「サッカーはジャズ」と表現する西大伍は今、J3の舞台で何を想うのか...そして「引退」について語る
ベテランプレーヤーの矜持
~彼らが「現役」にこだわるワケ
第6回:西大伍(いわてグルージャ盛岡)/後編
J3のいわてグルージャ盛岡でプレーする西大伍 photo by J.LEAGUE/J.LEAGUE via Getty Imagesこの記事に関連する写真を見る
◆前編/西大伍は「いかにサッカーを楽しめるか」を追求し続けてきた>>
2018年にクラブ史上初のアジア制覇に貢献するなど、鹿島アントラーズの数々のタイトル獲得に貢献してきた西大伍。そんな彼が8シーズンにわたって在籍した鹿島を離れ、2019年にヴィッセル神戸に移籍したのは、「サッカーを楽しむことをより追求すること」が理由のひとつだったと言う。
鹿島で、さまざまな"頂点"を味わうほど、その使命感もあってだろう。「高校生の時のように、純粋にサッカーを楽しむ日々はもう過ごせない、という現実を理解するようにはなっていた」と西。だからこそ、楽しむ環境を自ら作り出さなくちゃいけないと考えた。
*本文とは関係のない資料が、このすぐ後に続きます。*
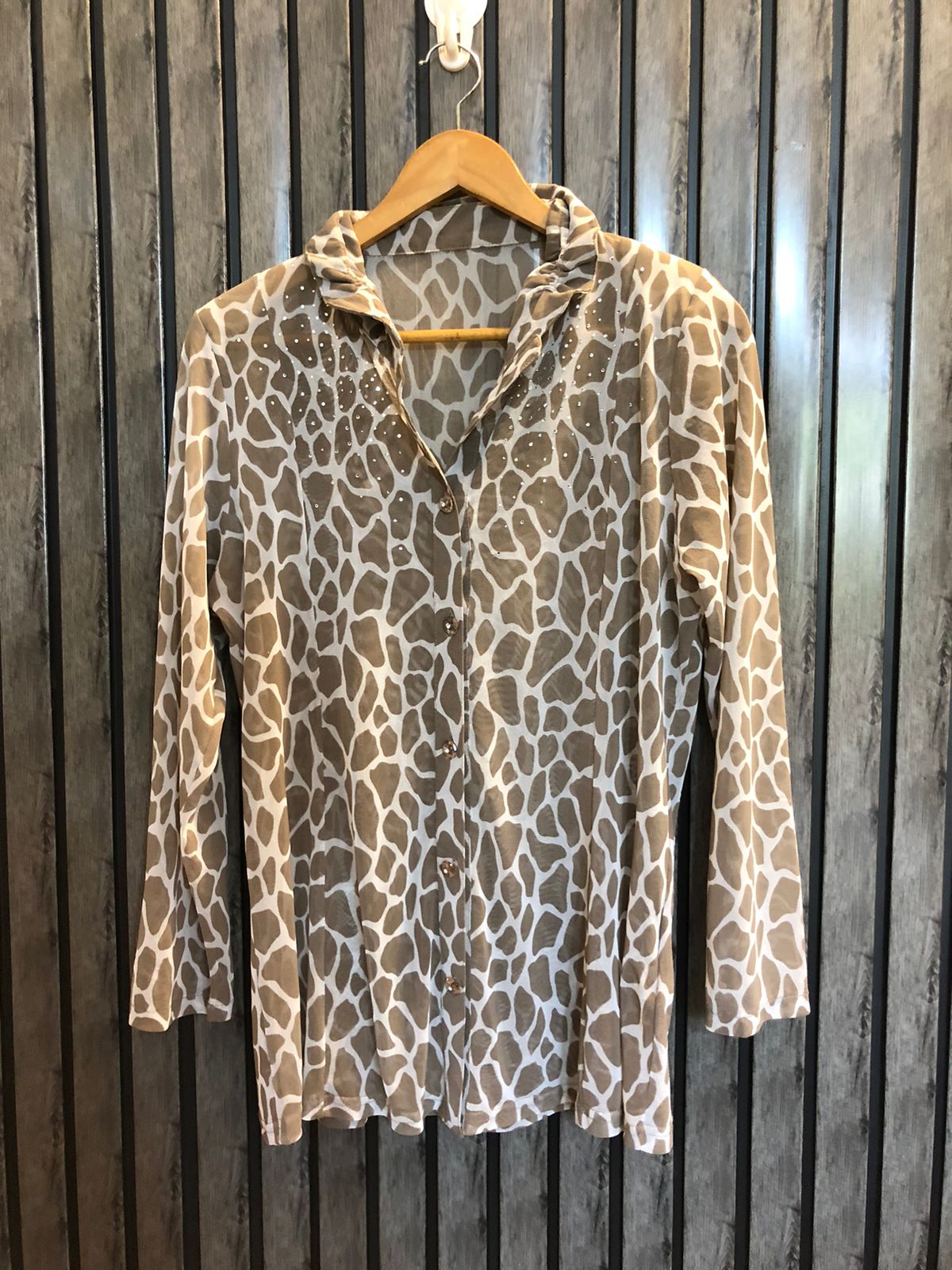 Chest 21  Length 26  Fabric Net Trendy Casual Top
「プロになったばかりの頃は、試合に出られないことを悔しく思う反面、足りないところがあるのもわかっていたので、まずは自分に向き合うことが先決だと思っていました。でも、キャリアを積んで、いろんなものを身につけていくなかで、ある程度必要なものは備わった、と。
じゃあ、それを今度、どうやって大きくしていくのか、と考えたら、また次のステージの楽しさを求めなければいけないな、と。要するに、刺激ですね。
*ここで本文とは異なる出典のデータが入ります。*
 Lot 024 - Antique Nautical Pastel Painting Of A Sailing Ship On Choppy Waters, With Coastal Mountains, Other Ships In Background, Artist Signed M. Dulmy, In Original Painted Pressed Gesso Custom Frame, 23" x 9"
鹿島での時間はすごく幸せだったけど、それ以上の楽しさ、幸せを見つけるためにも、新しい世界、新しい刺激を見つけに行きたくなった。その場所が海外になれば理想的でしたけど、その道は拓けなかったなかで、国内で味わえる一番の刺激はなんだろうって考えました」
アンドレス・イニエスタ――。世界最高峰と評される選手と同じピッチに立つことに大きな魅力を感じた。
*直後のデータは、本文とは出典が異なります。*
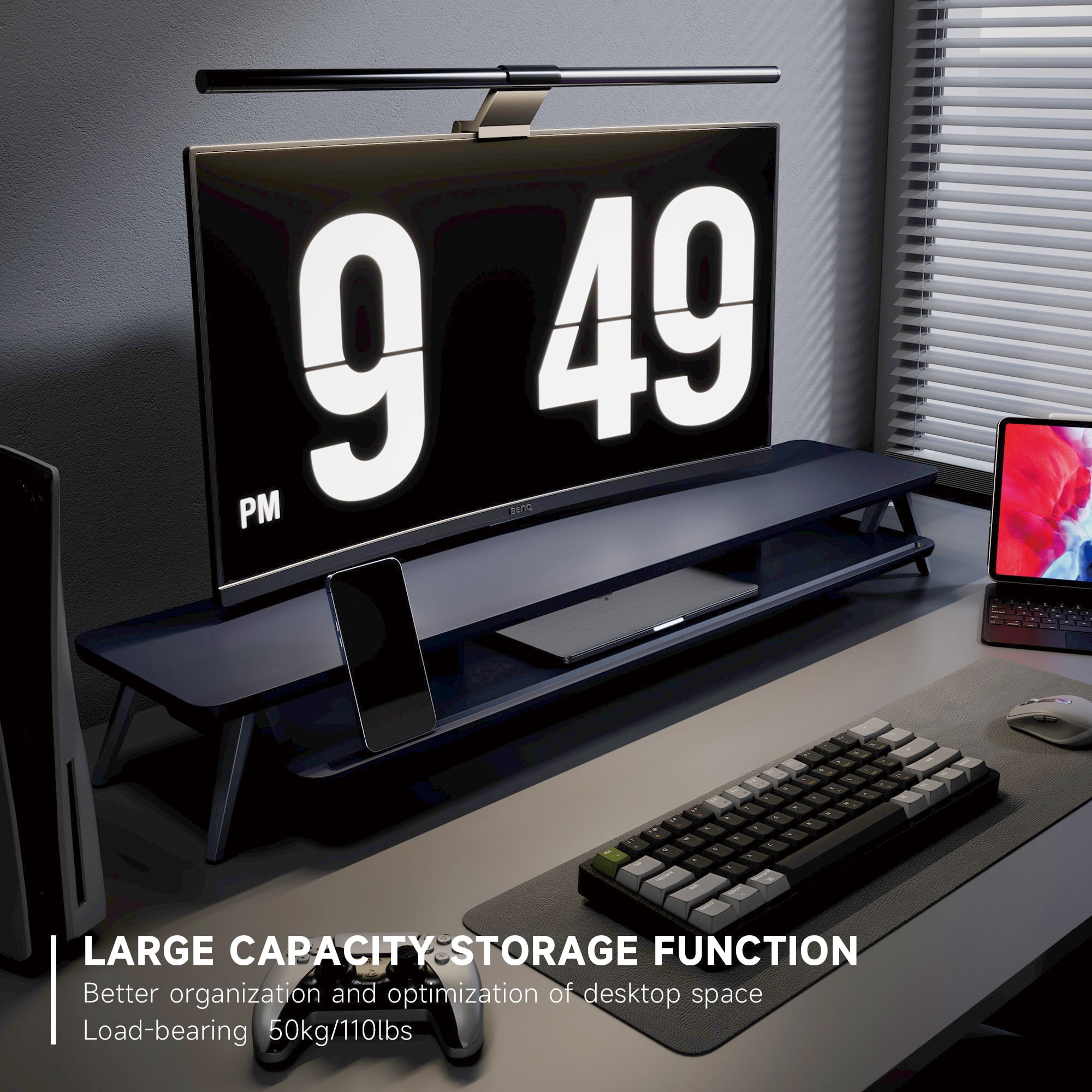Dual Monitor Stand, 42.5 Inch Wood Desk Shelf with Storage Organizer and Cable Management for Office Desk Accessories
「(2016年クラブW杯決勝、2018年クラブW杯準決勝で)レアル・マドリードと対戦した時に感じた相手との一番の差はプレーの"基準"でした。たとえば、そのひとつが"タイミング"。あのレベルでプレーするには、情報を入れる、アクションをする、ボールを離す、といったタイミングを逸しないボール扱いは当たり前に求められるな、と。もちろん、そこにフェイクの可能性を含んでいることも理解しながら、です。
でも、そうした基準なら、自分が仮にレアルに入って3カ月くらい練習すれば、ある程度は習得できるんじゃないか、とも感じました。そこを備えたら備えたでまた、違うところに差を感じる可能性は大いにあるんですけど。